» **INFORMATION PROVIDED**:
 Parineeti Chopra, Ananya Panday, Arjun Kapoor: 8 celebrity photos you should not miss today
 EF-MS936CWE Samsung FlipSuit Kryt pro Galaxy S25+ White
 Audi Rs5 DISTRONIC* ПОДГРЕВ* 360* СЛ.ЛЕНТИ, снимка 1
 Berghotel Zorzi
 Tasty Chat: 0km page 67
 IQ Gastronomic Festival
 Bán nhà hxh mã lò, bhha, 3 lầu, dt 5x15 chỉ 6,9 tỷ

---

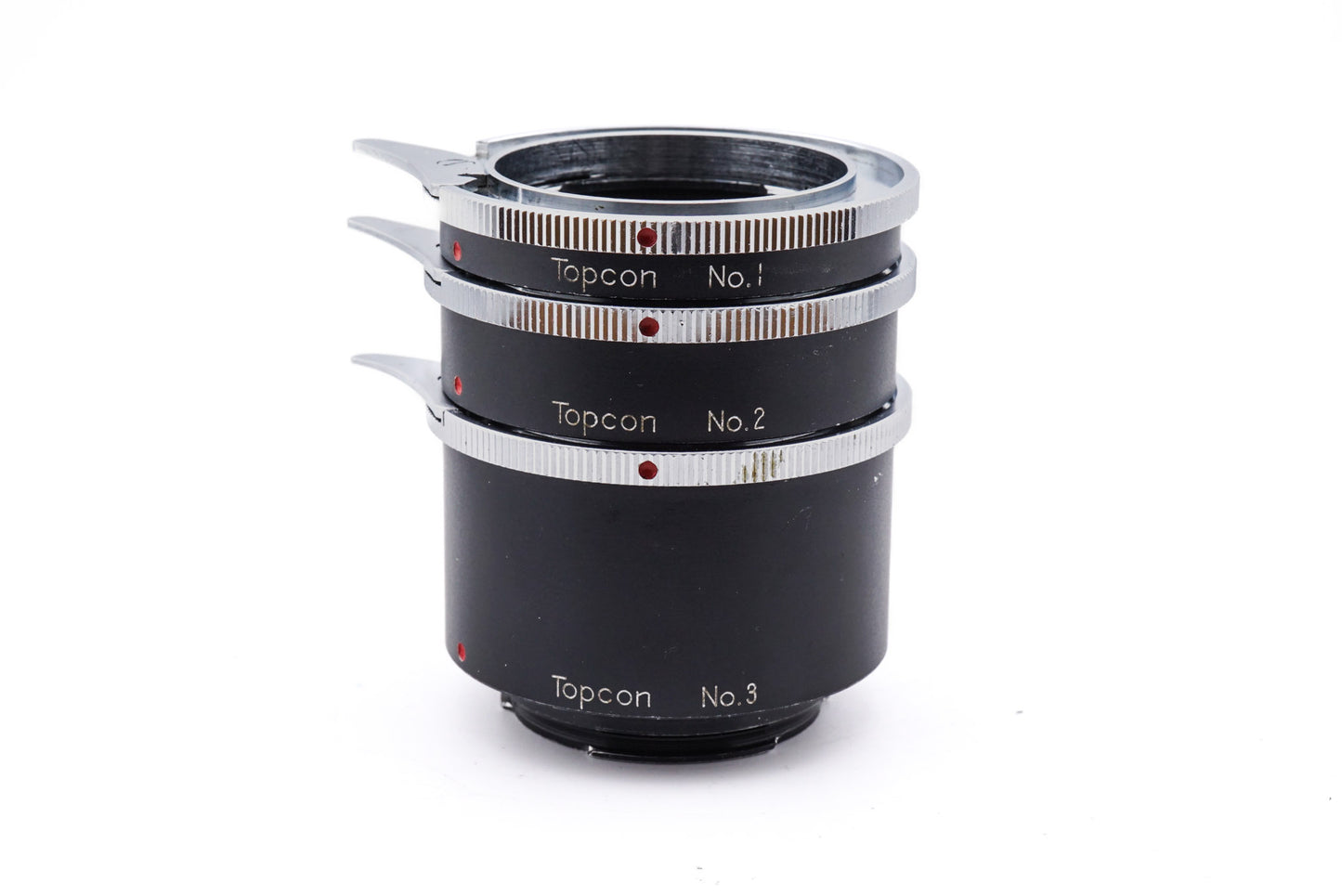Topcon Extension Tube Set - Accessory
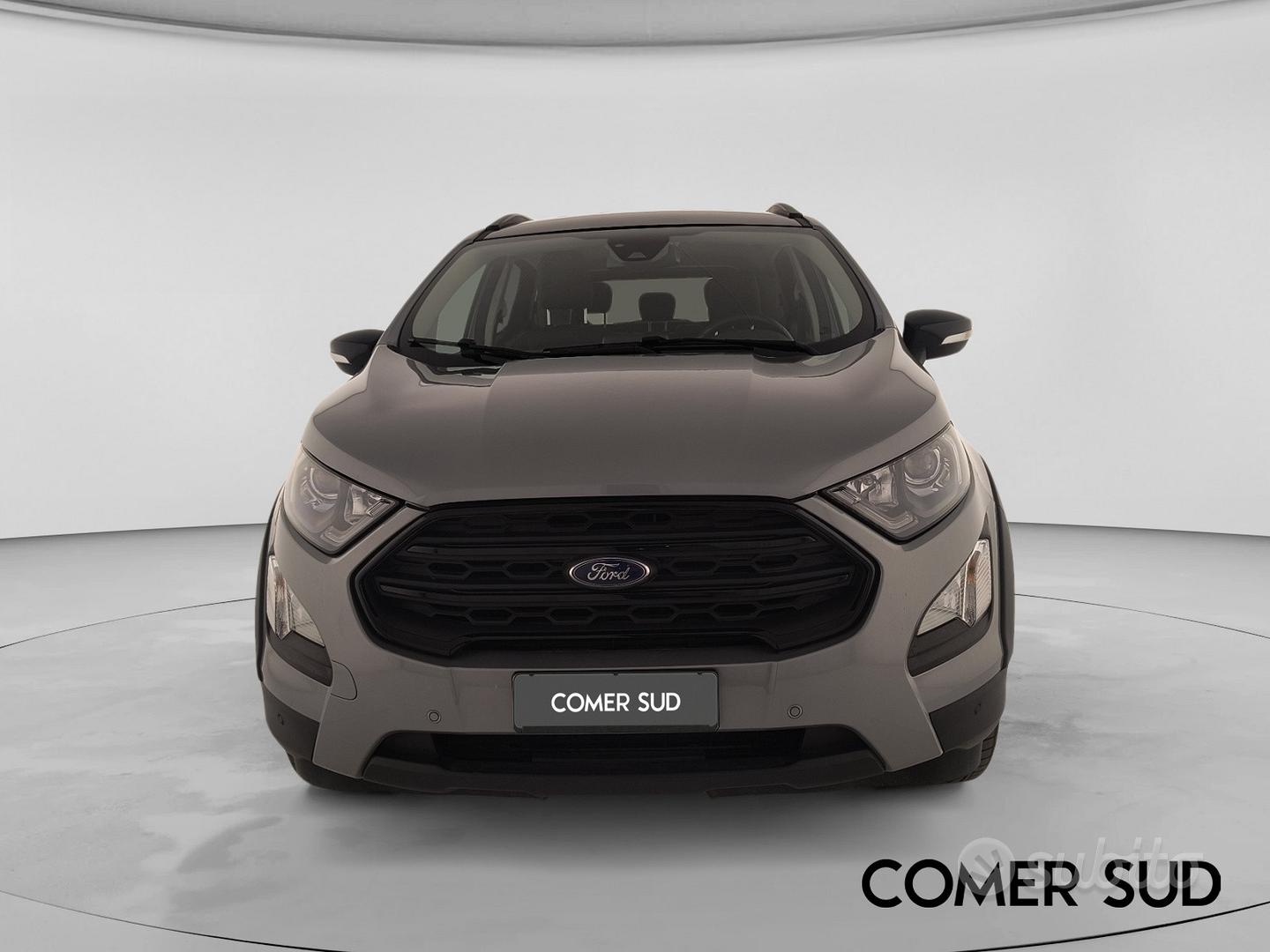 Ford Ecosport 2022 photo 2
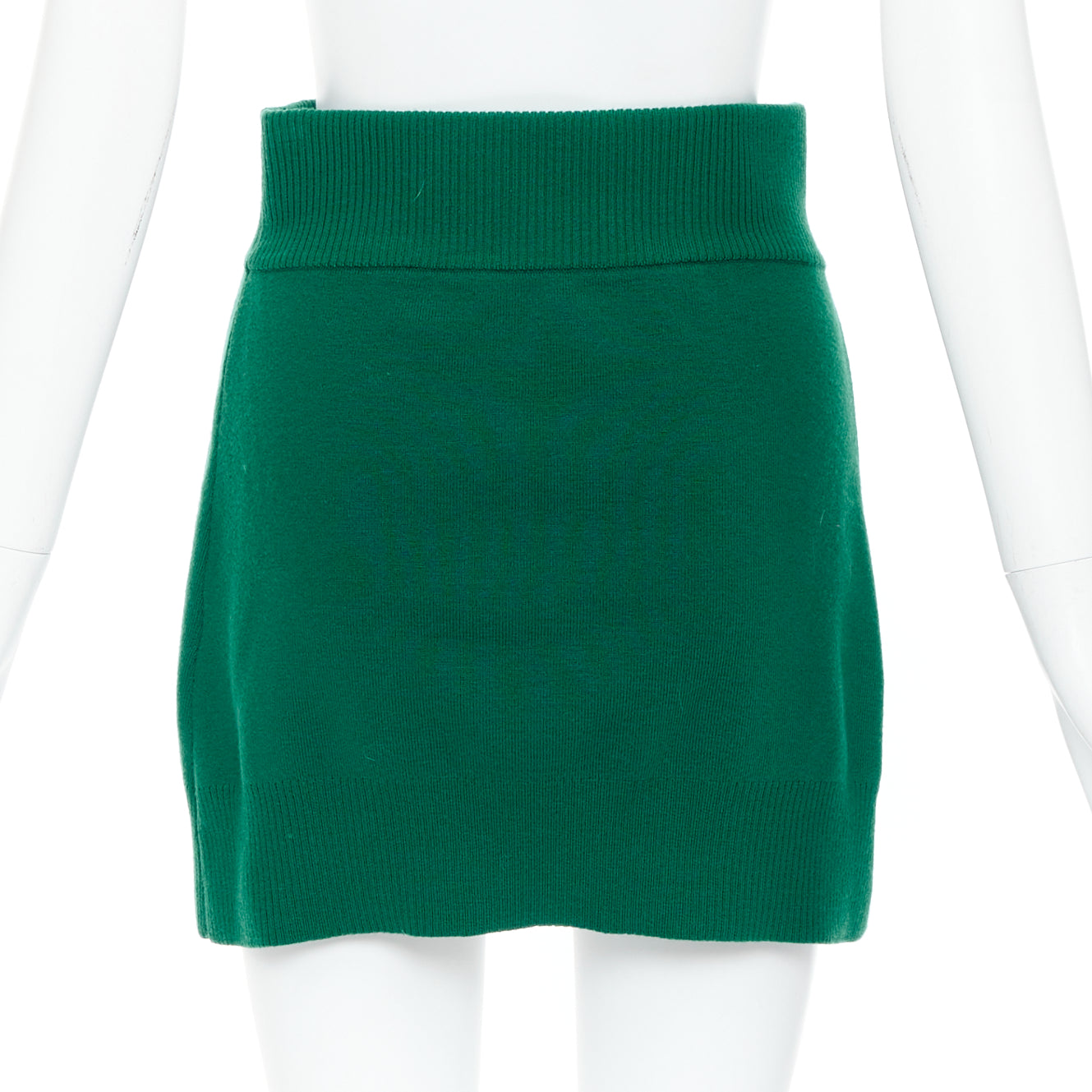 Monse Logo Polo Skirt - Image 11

==

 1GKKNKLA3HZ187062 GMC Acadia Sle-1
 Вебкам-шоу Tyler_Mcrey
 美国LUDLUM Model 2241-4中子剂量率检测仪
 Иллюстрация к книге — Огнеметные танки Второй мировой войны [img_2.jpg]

» **WORK REQUIRED**:
Set down only the lines above that fall between the line holding "Berghotel Zorzi" and the line holding "Bán nhà hxh", inclusive, keeping each exact.

» **SOLUTION TO THIS PROBLEM**:
 Berghotel Zorzi
 Tasty Chat: 0km page 67
 IQ Gastronomic Festival
 Bán nhà hxh mã lò, bhha, 3 lầu, dt 5x15 chỉ 6,9 tỷ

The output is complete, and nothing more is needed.